Machine Learning – Adjusted R^2 in Tree Ensembles for Model Evaluation

boostingcartmachine learningmodel-evaluationr-squared

Consider tree ensemble methods such as XGBoost, Lightgbm and/or Catboost.

Is the adj. $R^2$ a valid metric for tree ensembles?

I'm curious because these methods handle factor variables differently. E.g. XGBoost needs some kind of one-hot encoding, Lightgbm tries to unite one-hot encoded variables and Catboost uses an unique handling called ordered target encoding. Without going into details, the aforementioned handling does not extend the feature space since the factors are encoded inside of the factor variable. At least for XGBoost and Catboost this always leads to a different number of variables which favors Catboost in terms of the adj. $R^2$ metric.

Best Answer

No, adjusted $R^2$ is not a valid metric of tree ensembles.

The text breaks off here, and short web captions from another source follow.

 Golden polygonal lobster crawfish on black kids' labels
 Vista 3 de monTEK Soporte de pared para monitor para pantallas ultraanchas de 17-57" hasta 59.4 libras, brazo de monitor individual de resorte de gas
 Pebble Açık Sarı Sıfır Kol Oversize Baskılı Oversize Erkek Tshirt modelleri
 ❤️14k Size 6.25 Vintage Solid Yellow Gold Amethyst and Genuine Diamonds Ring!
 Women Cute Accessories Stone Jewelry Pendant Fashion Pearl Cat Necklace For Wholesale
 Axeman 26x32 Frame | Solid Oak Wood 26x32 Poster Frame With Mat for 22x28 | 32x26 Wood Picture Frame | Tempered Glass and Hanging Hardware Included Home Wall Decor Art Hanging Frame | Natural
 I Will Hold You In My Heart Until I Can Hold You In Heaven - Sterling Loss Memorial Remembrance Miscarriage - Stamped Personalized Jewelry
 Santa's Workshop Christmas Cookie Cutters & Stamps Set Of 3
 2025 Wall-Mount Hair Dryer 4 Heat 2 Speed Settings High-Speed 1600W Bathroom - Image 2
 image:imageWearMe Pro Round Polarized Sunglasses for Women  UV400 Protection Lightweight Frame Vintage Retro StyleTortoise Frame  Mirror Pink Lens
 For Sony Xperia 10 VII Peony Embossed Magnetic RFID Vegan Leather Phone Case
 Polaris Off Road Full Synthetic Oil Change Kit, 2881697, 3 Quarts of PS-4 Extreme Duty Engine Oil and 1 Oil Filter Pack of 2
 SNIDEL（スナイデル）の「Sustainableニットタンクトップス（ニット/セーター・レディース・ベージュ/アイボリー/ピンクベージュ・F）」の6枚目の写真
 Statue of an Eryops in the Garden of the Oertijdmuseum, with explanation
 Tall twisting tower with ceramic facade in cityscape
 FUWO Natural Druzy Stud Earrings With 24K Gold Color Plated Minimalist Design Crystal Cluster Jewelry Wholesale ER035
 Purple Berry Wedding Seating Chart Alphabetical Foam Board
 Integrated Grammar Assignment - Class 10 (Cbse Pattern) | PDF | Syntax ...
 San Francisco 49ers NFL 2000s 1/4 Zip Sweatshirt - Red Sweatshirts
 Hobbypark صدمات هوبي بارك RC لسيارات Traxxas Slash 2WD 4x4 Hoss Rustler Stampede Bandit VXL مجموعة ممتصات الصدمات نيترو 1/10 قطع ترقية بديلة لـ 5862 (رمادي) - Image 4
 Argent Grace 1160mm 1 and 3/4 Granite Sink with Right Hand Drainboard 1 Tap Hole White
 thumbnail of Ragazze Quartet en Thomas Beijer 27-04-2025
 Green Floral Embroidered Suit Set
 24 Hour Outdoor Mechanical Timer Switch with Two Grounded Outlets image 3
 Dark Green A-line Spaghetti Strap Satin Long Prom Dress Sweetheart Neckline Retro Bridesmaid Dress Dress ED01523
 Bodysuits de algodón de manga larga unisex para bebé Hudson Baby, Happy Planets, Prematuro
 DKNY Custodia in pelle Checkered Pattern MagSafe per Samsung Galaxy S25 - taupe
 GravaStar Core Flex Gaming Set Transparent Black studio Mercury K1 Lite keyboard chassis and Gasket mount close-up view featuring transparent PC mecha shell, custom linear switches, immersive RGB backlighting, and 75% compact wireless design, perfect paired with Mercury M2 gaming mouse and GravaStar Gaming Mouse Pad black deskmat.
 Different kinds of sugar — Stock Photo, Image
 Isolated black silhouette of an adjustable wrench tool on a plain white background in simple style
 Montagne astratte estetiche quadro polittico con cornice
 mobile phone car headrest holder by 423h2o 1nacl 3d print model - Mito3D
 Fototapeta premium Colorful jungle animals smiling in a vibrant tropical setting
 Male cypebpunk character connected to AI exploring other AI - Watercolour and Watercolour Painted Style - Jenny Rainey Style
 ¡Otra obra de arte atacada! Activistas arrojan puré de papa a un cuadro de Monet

In order to have an "adjusted" $R^2$ we need some agreed concept of degrees of freedom. Tree ensembles don't have one, so the idea of "adjusting for model complexity" in a universal manner is ill-defined. To that extent, different GBM implementations even use different tree-growing strategies thus making even simple "tree-to-tree" comparison's somewhat moot. We should just use a proper cross-validation schema with $R^2$ (if it is a metric relevant to the application at hand).